So, my recent post about Asahi Stout has apparently gotten a few of us beer lovers excited. (At least, I’m excited.) In the comments field, I mentioned another beer called Tokyo Black Porter, a lovely brew from the same people that make Yona Yona Ale. The more I thought about that porter, the more I wanted one … and considering I’m doing bugger-all at work right now, I said “Screw it” and decided to go get one.

As soon as noon rolled around, I headed to the snobby supermarket a short distance from my office — and was denied. They stocked Yona Yona but not the porter. I had to settle for a canned Kirin Stout, which is a completely different animal from the original bottled variety that seems to have disappeared. The canned stout is bland, sort of like unsweetened cocoa, and has an almost mealy mouthfeel. Not at all satisfying. By the end of it, I was actually feeling a bit peeved — and then I remembered the import liquor store waaay the hell in the other direction in Shimbashi. Once again, I said “Screw it” and decided to go take a look.
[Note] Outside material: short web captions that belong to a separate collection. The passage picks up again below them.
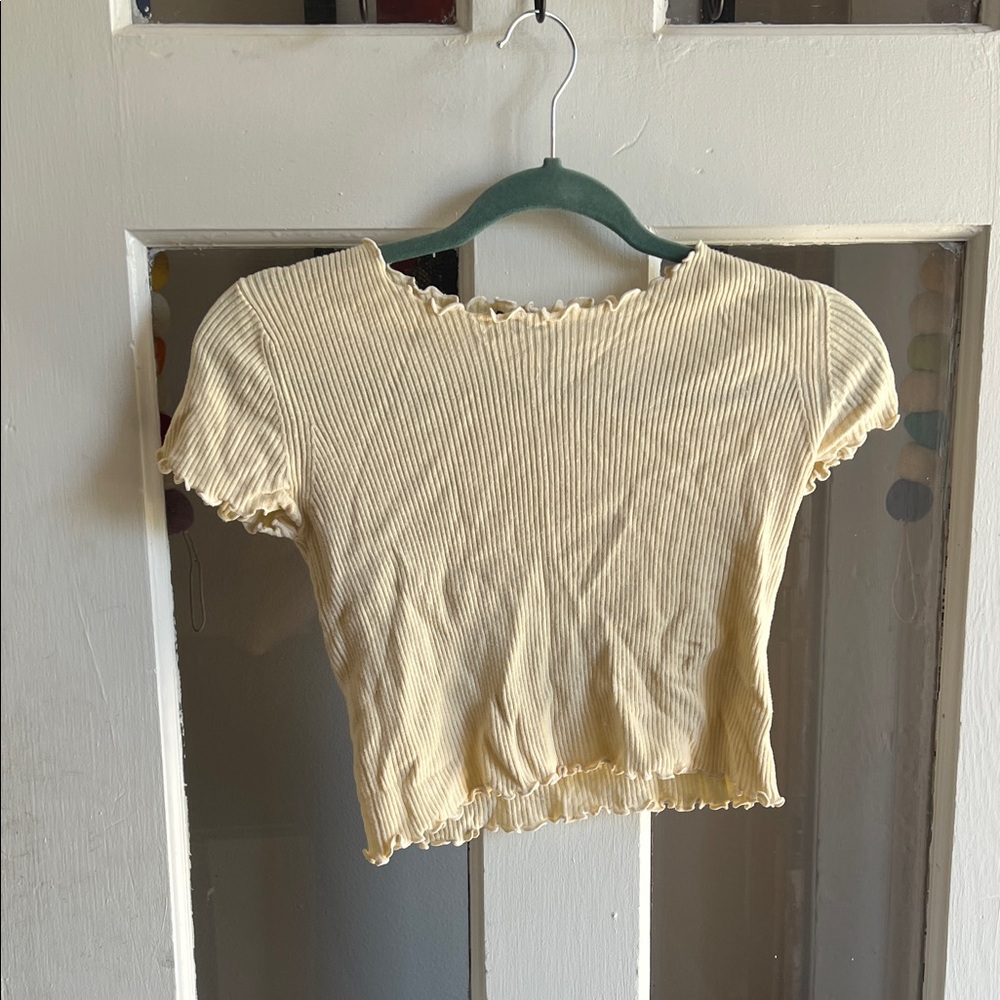 Brandy Melville Cream Ruffle Neck Top
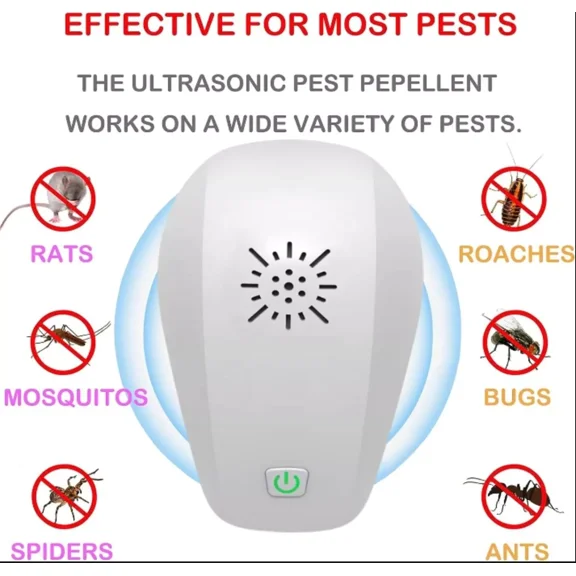 CRESTIN- Fast&New 1 Pack White Indoor Ultrasonic Pest Repeller For Insects Rats And Mice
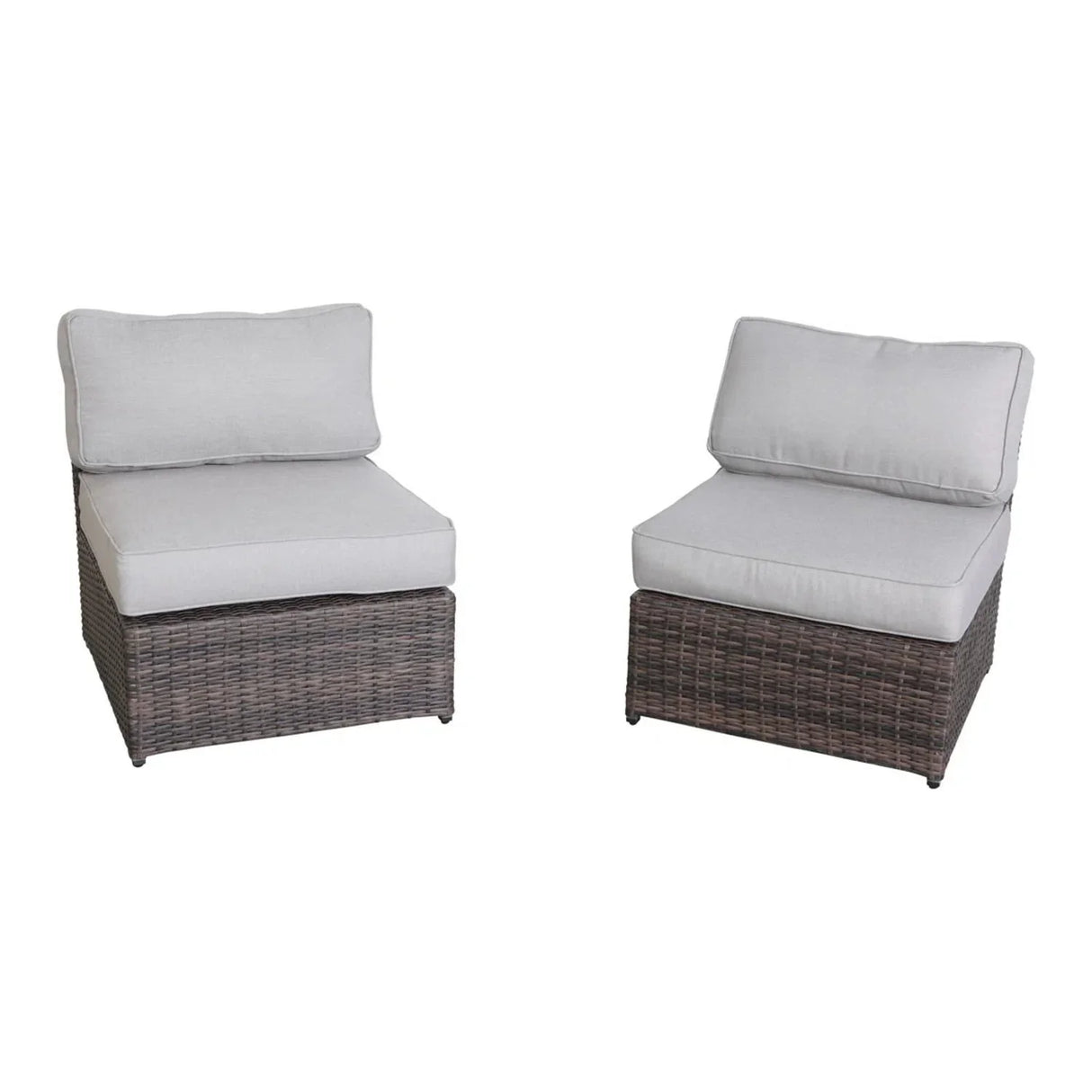 2 Person Wicker Conversation Set With Cushions, Weather Resistant - Furniture Home Direct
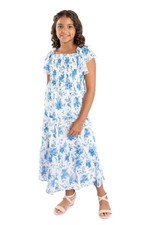 Rare Editions Ruffle Hem Tiered Chiffon Maxi Dress Floral Blue  White - S 6-6X 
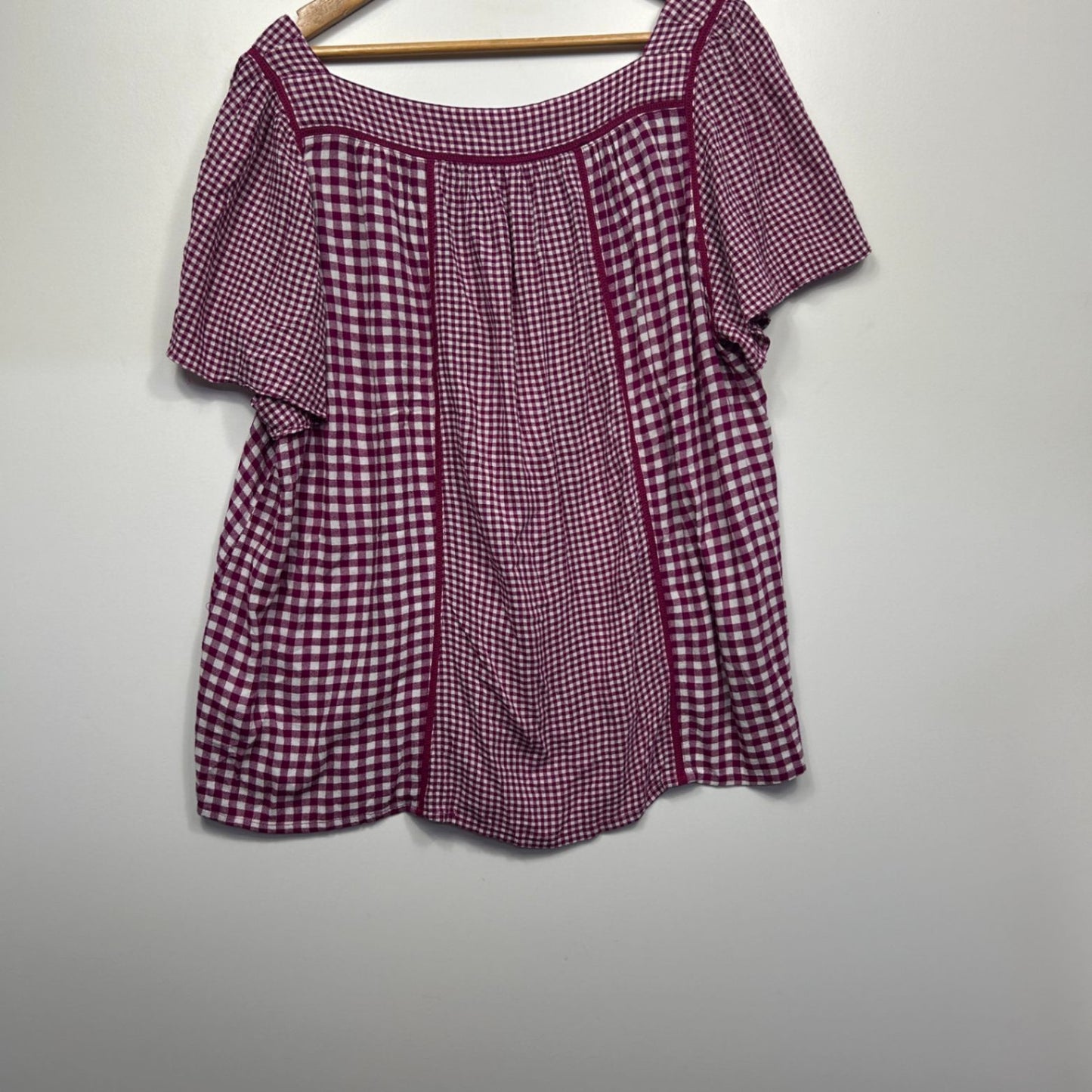 Virtuelle Pink Gingham Check White Viscose Short Sleeve Top Blouse Size 22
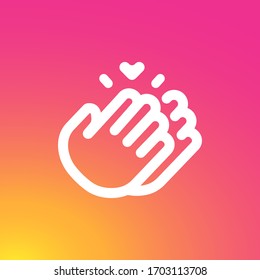 Hand icon, pictogram on a colorful gradient background. Thanks for the help, symbol. Social media concept. Vector illustration. EPS 10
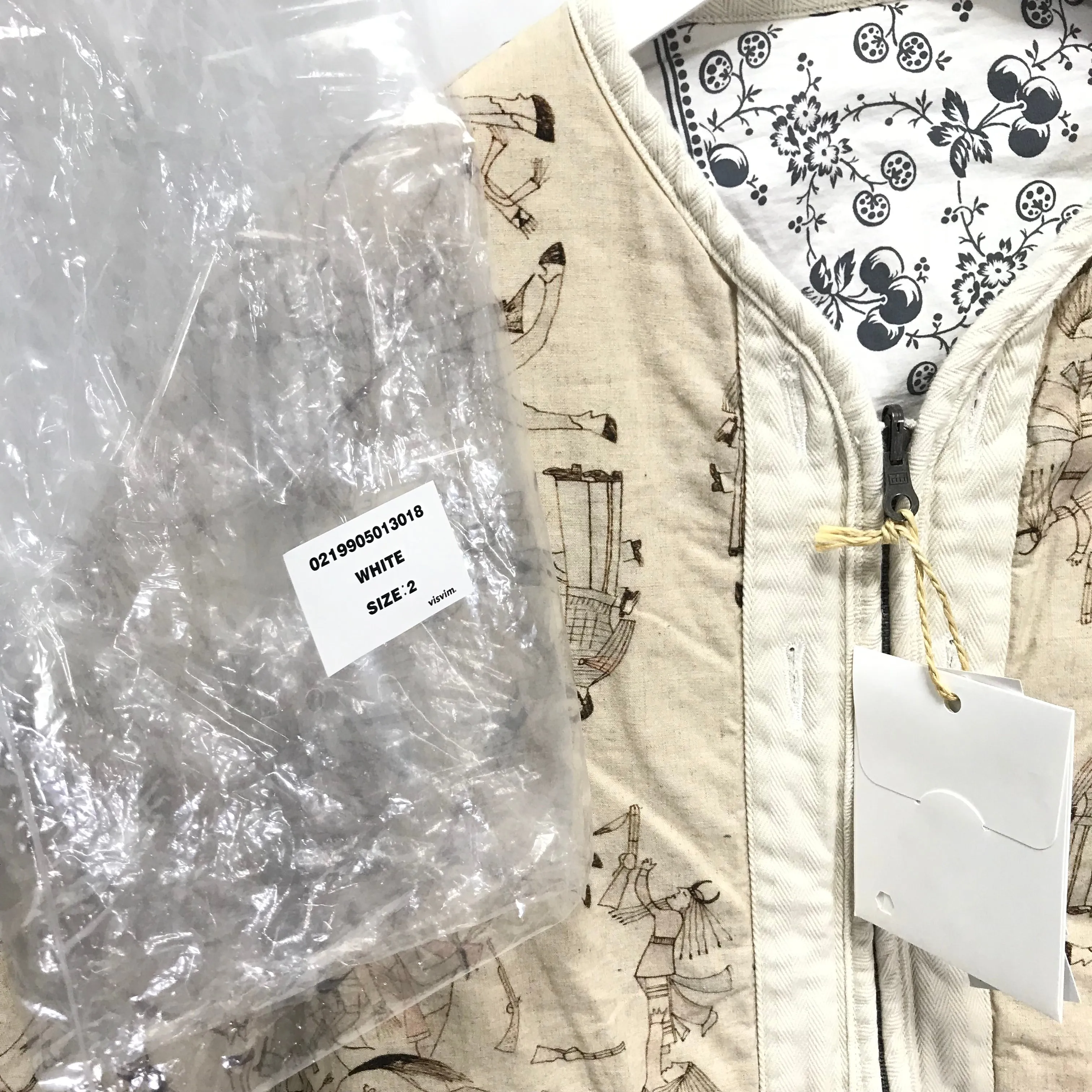 [M] DS! Visvim ICT 19AW Bandana Iris Reversible Liner Jacket White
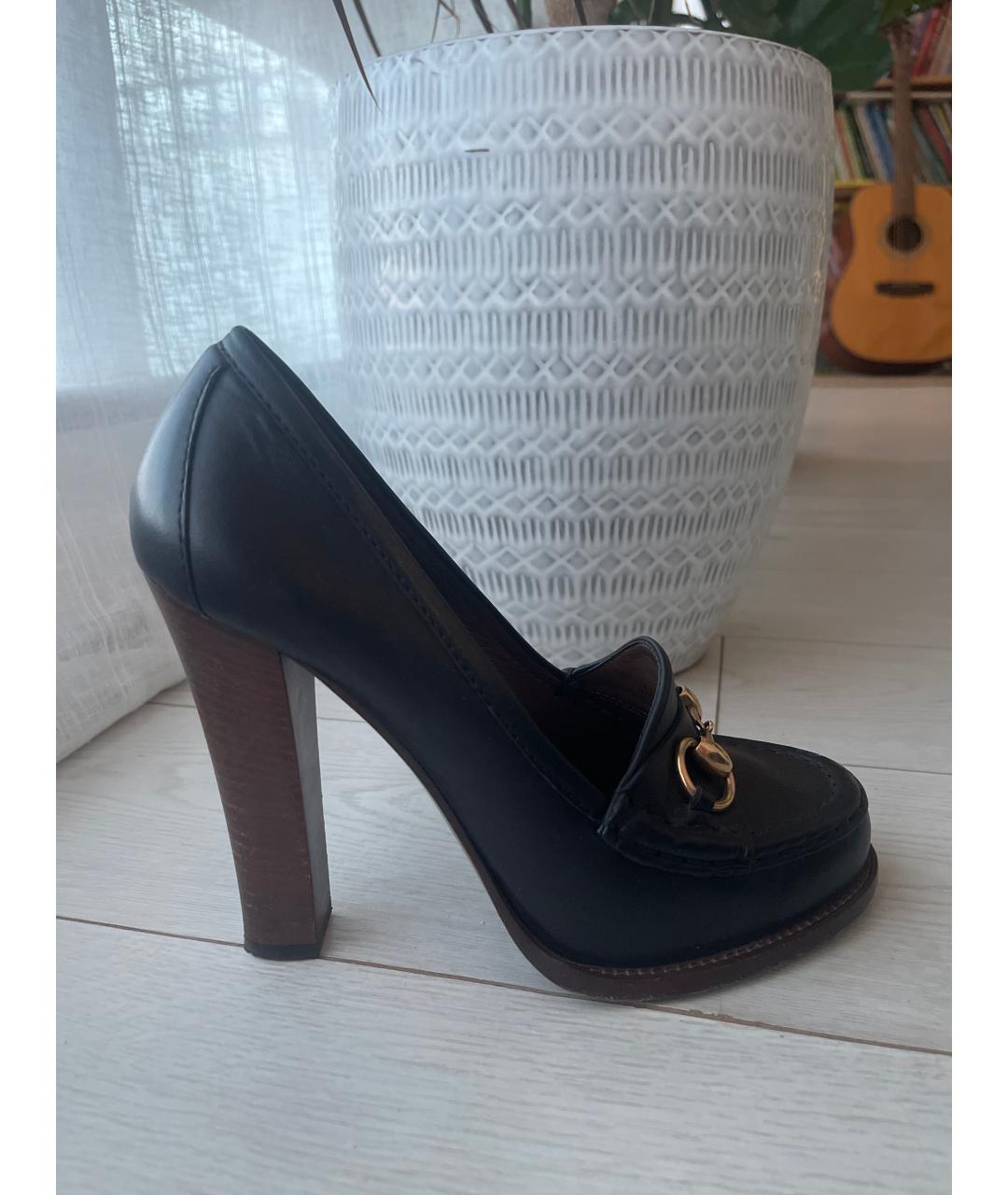 GUCCI Черные кожаные туфли, фото 6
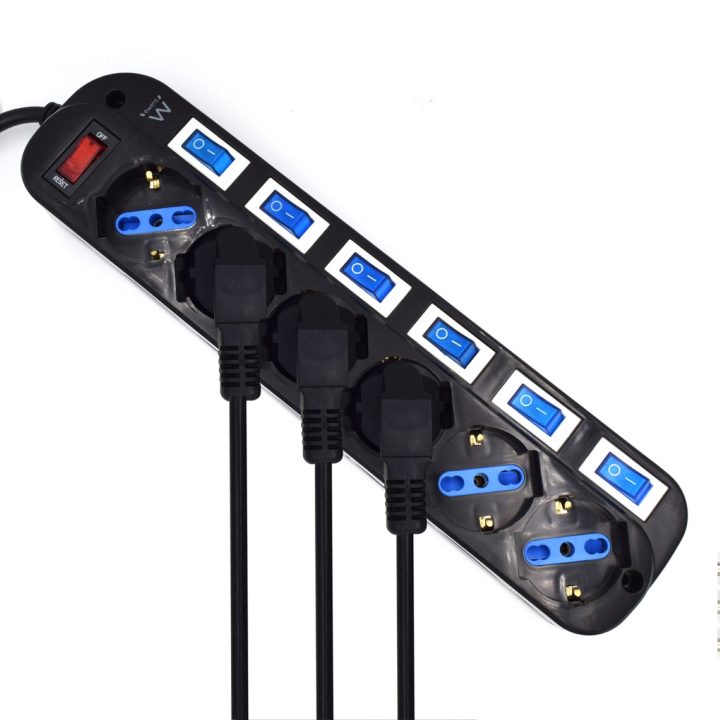 Ewent EW3851 Surge Protector Black 6 AC Outlets 220 V 1.5 m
foreign-extra1They didn’t have what I was looking for, but they did have this strange beast, which I’d never seen before. I’m not all that big on Guinness, but the “foreign extra” bit caught my eye. I took a look at the label and sure enough, 7.5% ABV, making it a stronger brew than regular old Guinness. I forked over my 260 yen and popped it open, making a U-turn and heading back toward the office.

Guinness Foreign Extra is a strange brew indeed. When it first hits your tongue, it has the trademark Guinness bitterness, but a second later it ramps up into a barleywine-like sweetness. It is literally a bittersweet beer. Not a bad brew, I suppose, but not one I think I’ll be trying again. (最初で最後 as the Japanese say — “The first and last time.”)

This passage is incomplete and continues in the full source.